At the end of a joint visit to the country, UN Emergency Relief Coordinator Mark Lowcock, head of UN migration agency (IOM) António Vitorino, and UN High Commissioner for Refugees (UNHCR), Filippo Grandi, reiterated their commitment to find safe and sustainable solutions for Rohingya refugees in Bangladesh, as well as helping them to make a safe and dignified return home.
Since August 2017, nearly 900,000 minority Muslim Rohingyas have fled violence across the border into Bangladesh’s Cox’s Bazar region, joining several hundred thousand others that had already settled there in overcrowded camps.

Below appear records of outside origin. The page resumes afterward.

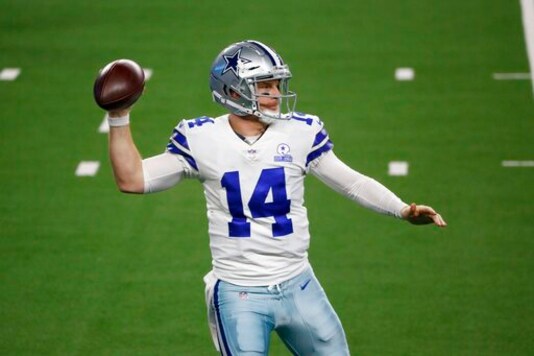 Dallas Cowboys' Andy Dalton (14) throws a pass in the second half of an NFL football game against the Arizona Cardinals in Arlington, Texas, Monday, Oct. 19, 2020. (AP Photo/Michael Ainsworth) Dallas Cowboys' Andy Dalton (14) throws a pass in the second half of an NFL football game against the Arizona Cardinals in Arlington, Texas, Monday, Oct. 19, 2020. (AP Photo/Michael Ainsworth)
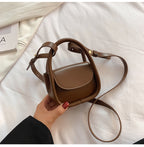Ladies mini handbag with elegant chain accent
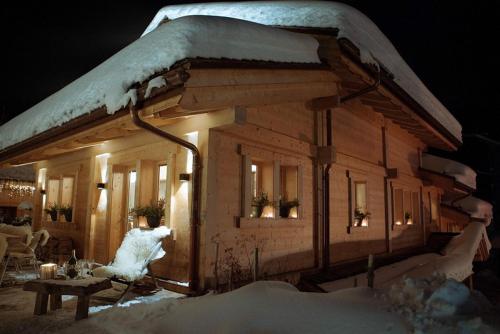 a log cabin with snow on top of it at Chalet-Hôtel Inarpa in La Clusaz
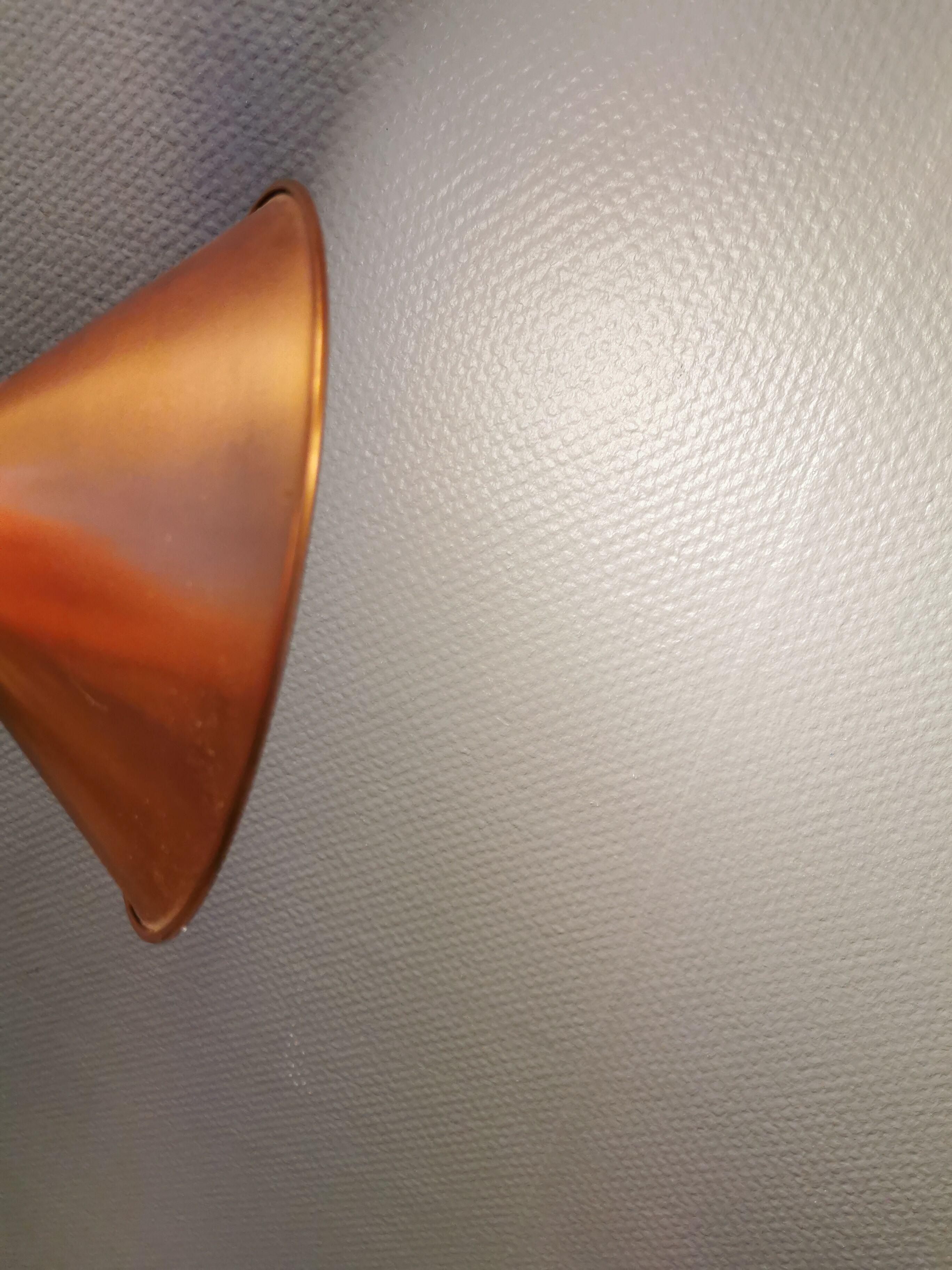 Copper hanging lamp with brass colored top and white inside lacquer.
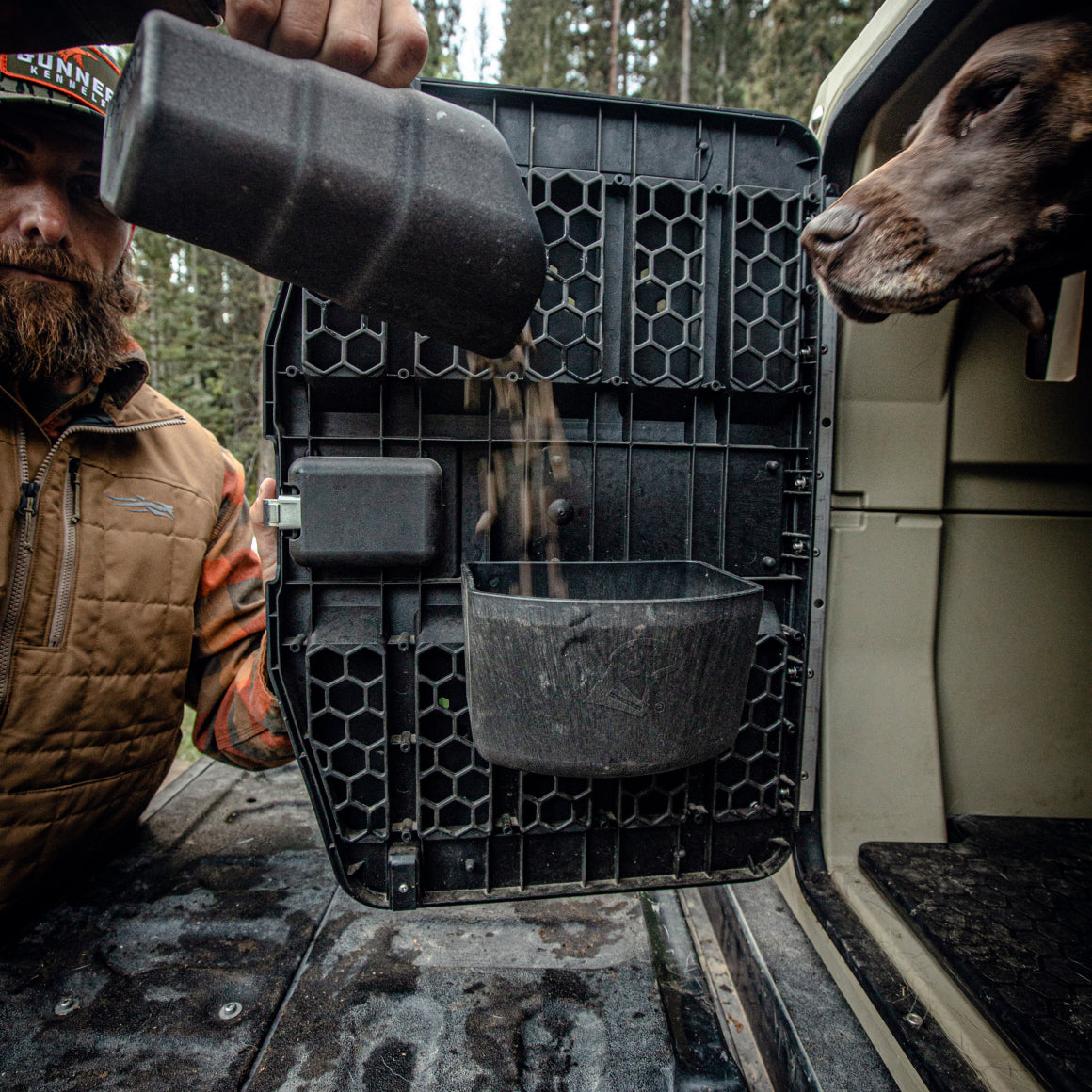 A man pours dog food into a KENNEL BOWL attached to the door of a G1 Kennel, as a brown dog watches from inside the crate outdoors near a vehicle.
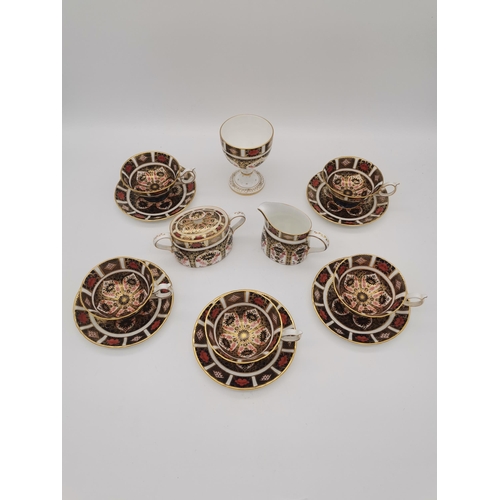 283 - Collection of 13 pieces of Royal Crown Derby Imari pattern 1128 incl 5 cups and saucers, cream jug, ... 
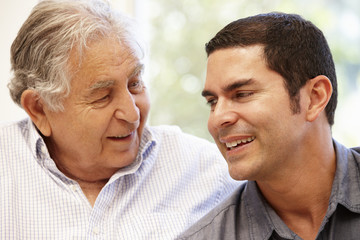 Hispanic father and adult son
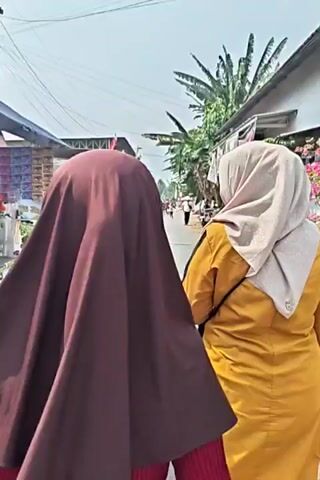 The video begins with a close-up of a street vendor's stall, displaying various packaged goods such as snacks and what appear to be personal hygiene products. The stall is covered by a blue tarp and positioned along a paved road. A person wearing a dark brown hijab is in the foreground, obscuring their face and partially blocking the view of the stall. To the right, another person in a yellow jacket and light-colored hijab is visible from behind, walking away from the camera. The road continues into the distance, lined with houses and trees. In the background, there are more people walking, some flags, and a large building with a metal roof. The sky is bright and appears to be daytime, with power lines visible overhead. The scene suggests an outdoor market or a community gathering along a street. The second half of the video shifts focus to a row of houses on the right side of the street, adorned with potted plants and flowering bushes, creating a more residential and tranquil atmosphere compared to the initial market scene.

Mr. Lowcock painted a picture of “the most appalling brutality imaginable” during his first visit in 2017, when he “met with children who had seen parents killed” and women who, “just holding on”, recounted “horrendous stories of sexual violence they had survived”.
After visiting Cox’s Bazar this trip they noted that almost half of the 540,000 refugee children under the age of 12 are missing out completely on an education, while the remainder are only able to access very limited schooling. Moreover, just a handful of teenagers are currently able to access any form of education or training.
“With the current crisis almost two years on, we must give refugees the chance to learn, build skills and contribute to their communities while also preparing for reintegration when they can return to Myanmar,” said Mr. Grandi. “The future of the Rohingya refugees hangs in the balance.”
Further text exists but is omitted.